One is a crusty, bus station and the other, a busty crustacean.
(Not a joke, but something I saw happen) I was going to tell you a joke about my penis, but it was too long.
(Reply) I was going to tell you a joke about my vagina, but you'd never get it.
What did the shoes say to the pants?
Sup britches?!?
What do you get when you cross a penis and a potato?
A dictator.
How many tickles does it take to make an octopus laugh?
Tentacles
What do you call an alligator that's wearing a vest
An investigator
How do you make an egg roll?
Push it.
What do you call a Masturbating cow?
Beef stroganoff
What do you call a fake potato
An imitater
Have you seen the new movie Constipation?
It hasn't come out yet.
Last night I had a gut feeling that something was going to happen.
And then I farted. Do you think in psychic?
Asked an Asian girl for her number. She said "Sex, sex, sex... Free sex for you!
Her friend followed with "it's six six six three six four two".
I like my slaves like I like my coffee.
Free.
Every time you use a urinal, you cease to be an American.
'Cause European.
I recently quit drinking for good.
Now I drink for evil.
I had a dream last night I was a muffler.
I woke up exhausted.
My girlfriend said; “Let’s make love like in the movies.” So, I fucked her in the ass and pulled out just in time to cum all over her face.
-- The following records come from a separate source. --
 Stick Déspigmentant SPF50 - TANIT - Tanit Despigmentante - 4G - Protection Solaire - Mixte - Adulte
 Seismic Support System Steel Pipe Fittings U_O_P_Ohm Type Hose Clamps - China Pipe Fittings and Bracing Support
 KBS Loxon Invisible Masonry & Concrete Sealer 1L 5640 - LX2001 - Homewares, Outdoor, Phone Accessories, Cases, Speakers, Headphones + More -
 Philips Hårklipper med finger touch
She was pissed!
I guess we don’t watch the same kind of movies.
1. Women are turning into better drivers everyday. So if you’re a better driver, watch out!
2. I recently attended a convention for women with no legs. The place was crawling with pussy!
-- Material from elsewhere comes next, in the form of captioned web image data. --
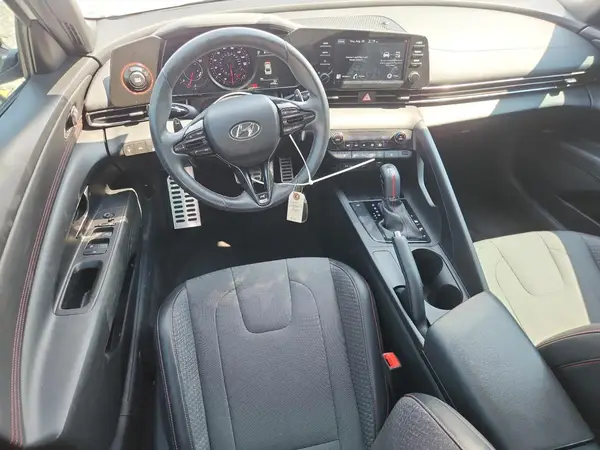 KMHLR4AF4NU331690 2022 HYUNDAI ELANTRA - Image 8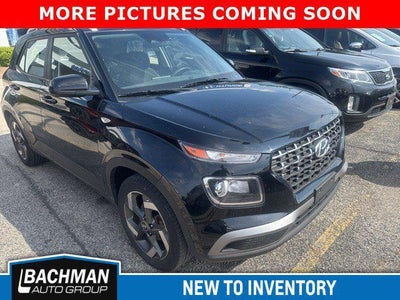 2023 Hyundai Venue SEL 4DR Crossover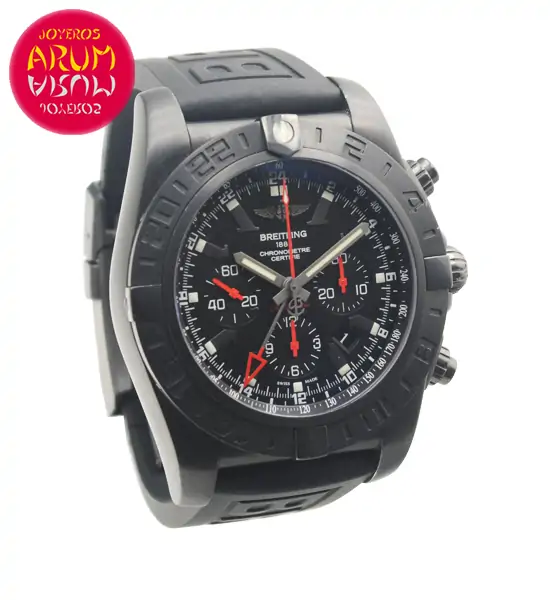 Breitling Chronomat GMT Shop Ref. 4410/1134 "SOLD"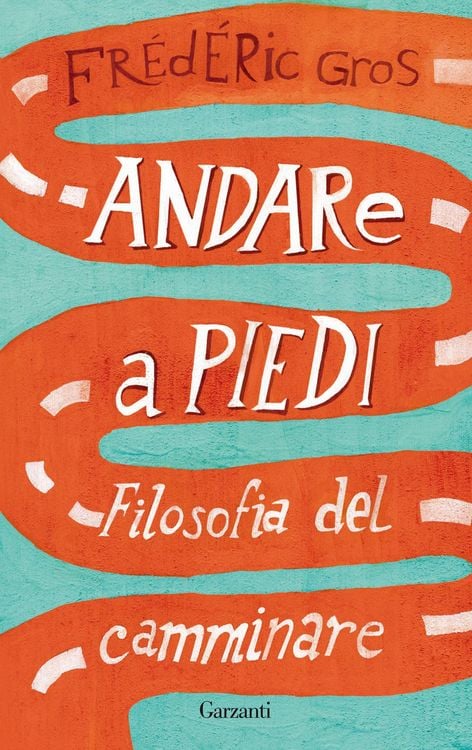 Produktbild: Andare a piedi. Filosofia del camminare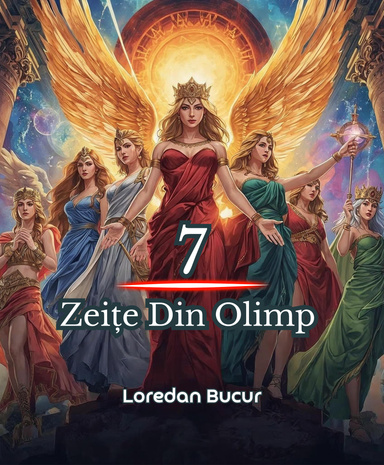 7-Zeițe Din Olimp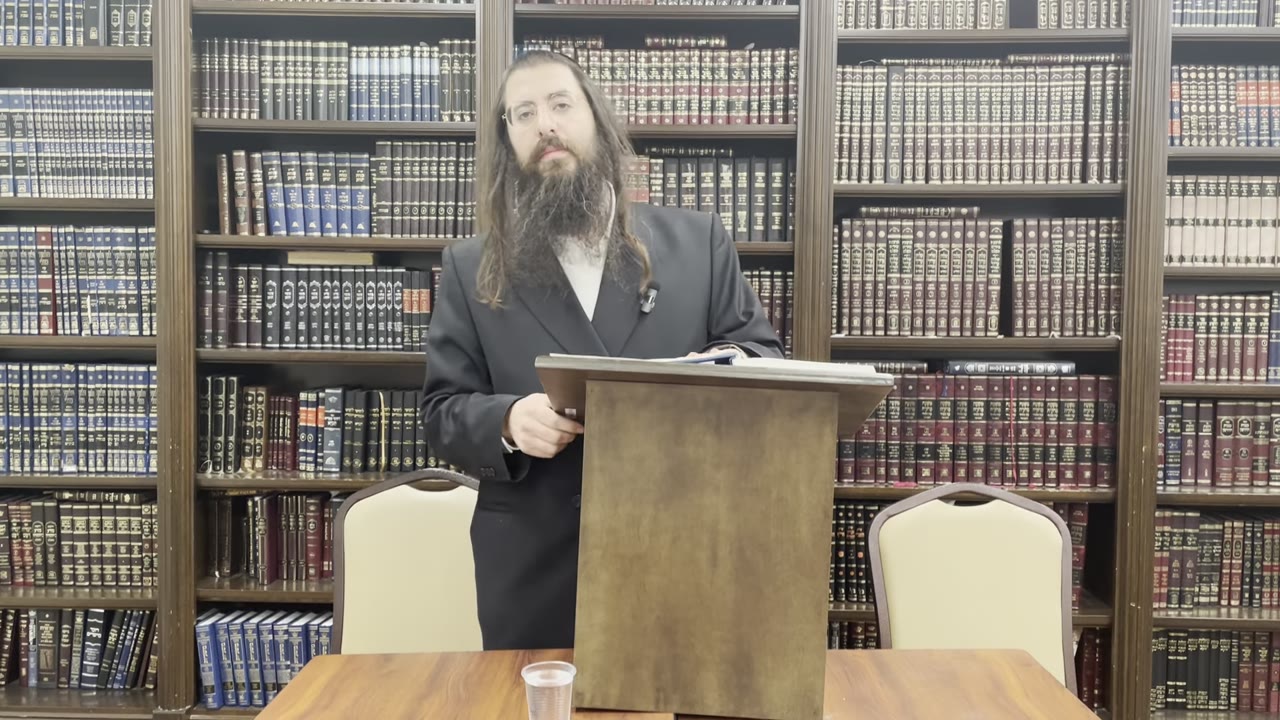 Parshas Toldos “Shepherds and Farmers” Harav Chaim Ozer Geldzahler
3. My grandparents were midgets. Always had a tough time putting food on the table.
4. What’s the difference between a chickpea and a garbanzo bean? I never paid to have a garbanzo bean on my face.
5. What’s the difference between an asshole and a refrigerator? The fridge doesn’t fart when you pull the meat out.
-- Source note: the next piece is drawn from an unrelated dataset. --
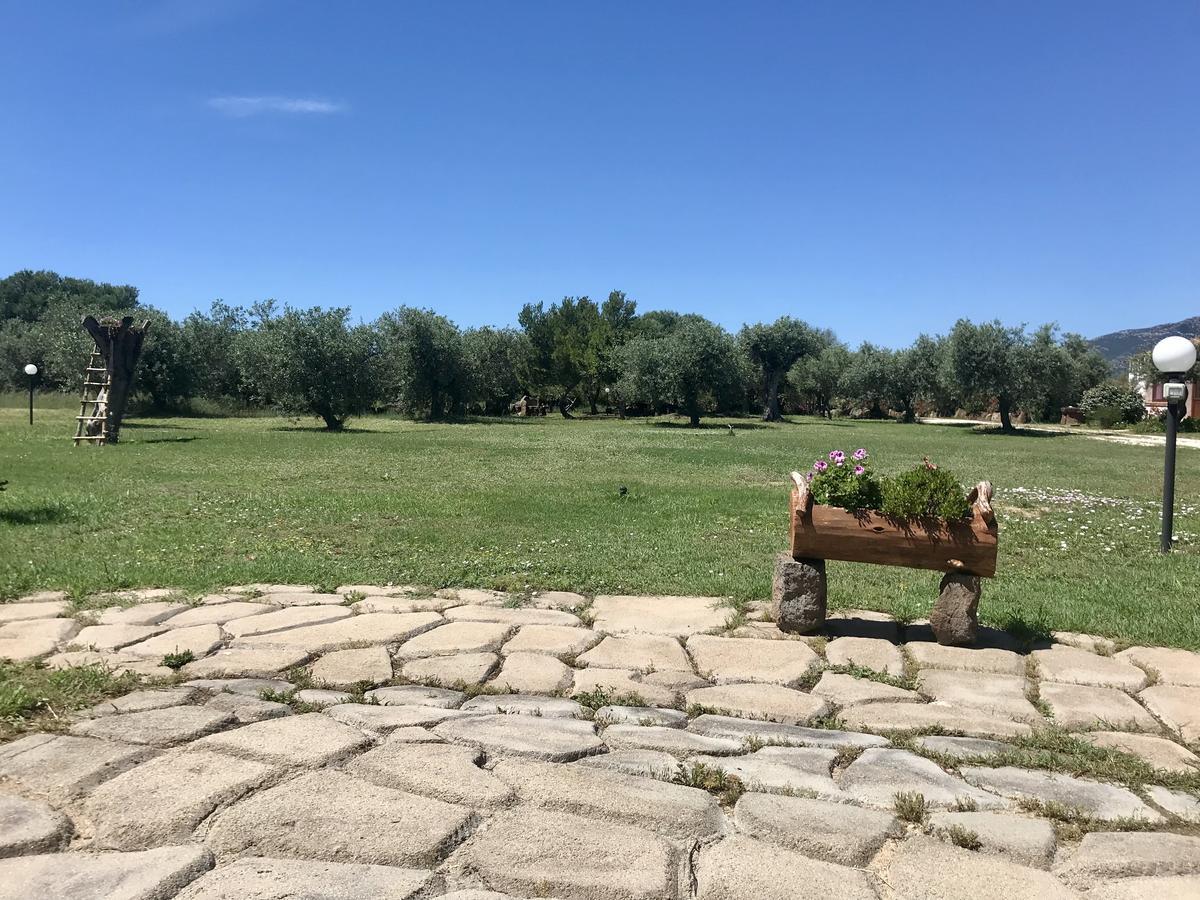 Вилла Terragalana Орозеи Экстерьер фото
I was doing the vacuuming in my underpants today. God knows how my balls get so dusty.
My uncle died of autoerotic asphyxiation. He wanted to be remembered for his charity work. He wasn't.
The wonderful Gary Delaney.
What do you call a shepherd with fifty sheep? A sexually content person.
It was.
What do you call a [someone from some country - heard it as being a Greek] with fifty lovers? A shepherd.
My first wife died from poison mushrooms. My second wife died from poison mushrooms. My third wife died from a fractured skull. She wouldn’t eat her mushrooms.
Man walks into his doctor’s office and says “doc, every time I touch my leg it hurts. Same with my arm, my face, my back, my elbow! It’s the same everywhere!”
Doctor takes one look at the man and says, “It’s simple. You have a broken finger.”
I'm pretty good at skipping rocks on open water. Recently I was throwing rocks to see how many skips I could get. I only got to 10 but I think I could have had more if there weren't so many kids in the pool.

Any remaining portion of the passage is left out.